We can think of each of these words as a dimension in a highly multidimensional space. This is not immediately intuitive, so it helps to work up to the idea with simpler examples. Suppose we have two people, Samuel de Champlain and Sir Samuel Argall. In Champlain's biography, it mentions Montreal, but in Argall's biography it does not. If every biography that mentions Montreal is coded with a '1' and every biography that doesn't is coded with a '0', then we have a one-dimensional space. Every biography in this space will either be located at '0' or '1'. In fact, 196 of the 592 biographies in Volume 1 do mention Montreal, and the other 396 do not. In some sense, we want to say that those biographies that do mention Montreal are closer to one another (at least along that dimension) than the ones that do not.
But what if we take another word into account, like "Jesuit(s)"? We now have two dimensions and four possibilities: a biography might mention both Montreal and Jesuit(s), it might mention one but not the other, or it might mention neither. In fact, Jesuits are mentioned in both Champlain's and Argall's biographies. Neither Montreal nor Jesuits are mentioned in the biography of John Abraham, however.
In some sense, again, we would like to say that the biography of Champlain is a bit closer to that of Argall (from which it differs along one dimension) than it is to that of Abraham (from which it differs along two dimensions). We would also like to say that Argall's biography is the same distance from each of the other two. This is shown in the following table.
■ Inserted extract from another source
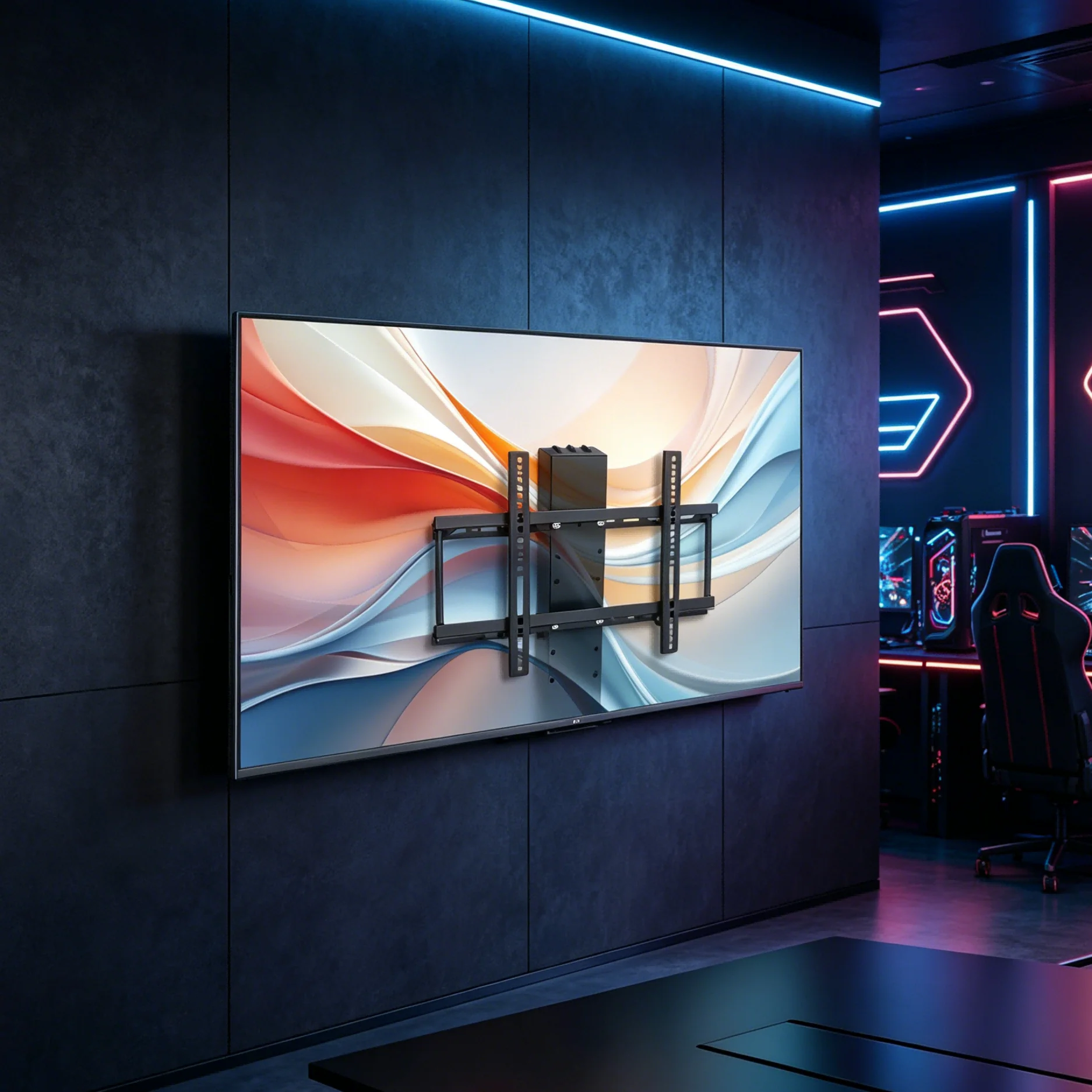 Verstellbare TV-Halterung Fernbedienung TV-Lift Schwerlast-TV-Lift Motorisierter TV-Ständer für Heim und Büro TV-Lift-Mechanismus
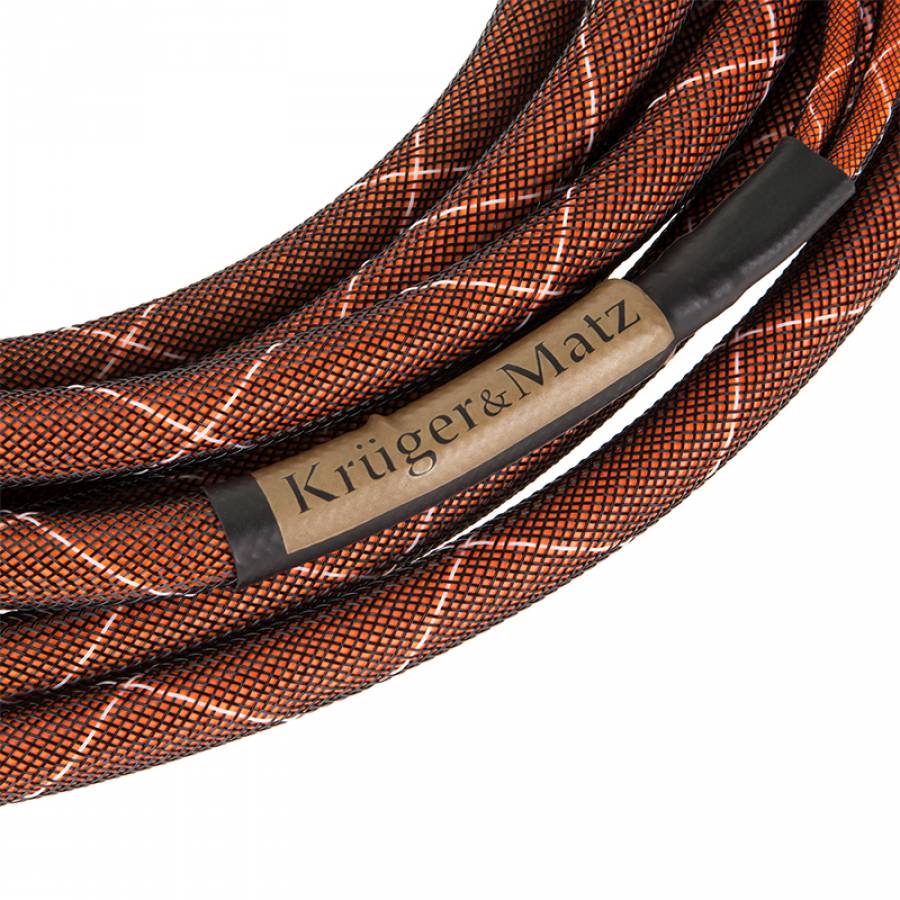 Set Cablu Difuzor Mufe Banana X2 Cupru 15awg 5m K&m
Name | Jesuit(s) | Montreal |
Abraham, John | 0 | 0 |
Argall, Sir Samuel | 1 | 0 |
Champlain, Samuel de | 1 | 1 |
We can go on adding words in this fashion, each becoming a dimension along which biographies can differ. (It becomes hard to visualize these dimensions once you have more than three, of course).
Given the biographies that we already downloaded and the 65 words in our text file, we can write a short hack to create a 65-dimensional feature space and locate each biography within it. We output the results as a spreadsheet.
Next we will want to formalize the idea of distances in our feature space...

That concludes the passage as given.